Here is the second sample problem.  Given an air temperature of 90 F and a relative humidity of 50% you are supposed to figure out the mixing ratio (15 g/kg) and the dew point temperature (70 F).  The problem is worked out in detail below.

First you fill in the air temperature and the RH data that you are given.  Since you know the air's temperature you can look up the saturation mixing ratio (30 g/kg).  Then you can substitute into the relative humidity formula and solve for the mixing ratio (15 g/kg).

Finally you imagine cooling the air.  Cooling causes the saturation mixing ratio to decrease, the mixing ratio stays constant, and the relative humidity increases.   In this example the RH reached 100% when the air had cooled to 70 F.  That is the dew point temperature.
There's something you can learn from these first two examples.

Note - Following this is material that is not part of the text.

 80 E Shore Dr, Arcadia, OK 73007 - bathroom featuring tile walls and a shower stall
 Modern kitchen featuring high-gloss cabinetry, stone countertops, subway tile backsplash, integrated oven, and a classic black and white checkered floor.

In the first example the RH was low and the difference between the air and dew point temperatures was large.  In the second example, the RH was higher and the difference between the air and dew point temperatures was smaller.  If there were no difference between the air and dew point temperature the RH would be 100%.

In the 3rd problem we started with RH=50% and r=10.5 g/kg. 

The air contains 10.5 g/kg of water vapor, this is 50% of what the air could potentially hold.  So the air's capacity, the saturation mixing ratio must be 21 g/kg.  Once you know the saturation mixing ratio you can look up the air temperature in a table.  Then you imagine cooling the air until the RH becomes 100%.  This occurs at 60 F.  The dew point is 60 F.
Now the last problem.
We're given an air temperature of 90 F and a dew point temperature of 50 F.  We need to determine the mixing ratio and the relative humidity.

We enter the two temperatures onto a chart and look up the saturation mixing ratio for each.


Then we know that if we cool the 90 F air to 50 F the RH will become 100%.  Since we know the saturation mixing ratio value at 50 F is 7.5 g/kg we can say the mixing ratio is 7.5 g/kg.

Remember back to the three earlier examples.  When we cooled air to the the dew point, the mixing ratio didn't change.  So the mixing ratio must have been 7.5 all along.   Once we know the mixing ratio in the 90 F air it is a simple matter to calculate the relative humidity.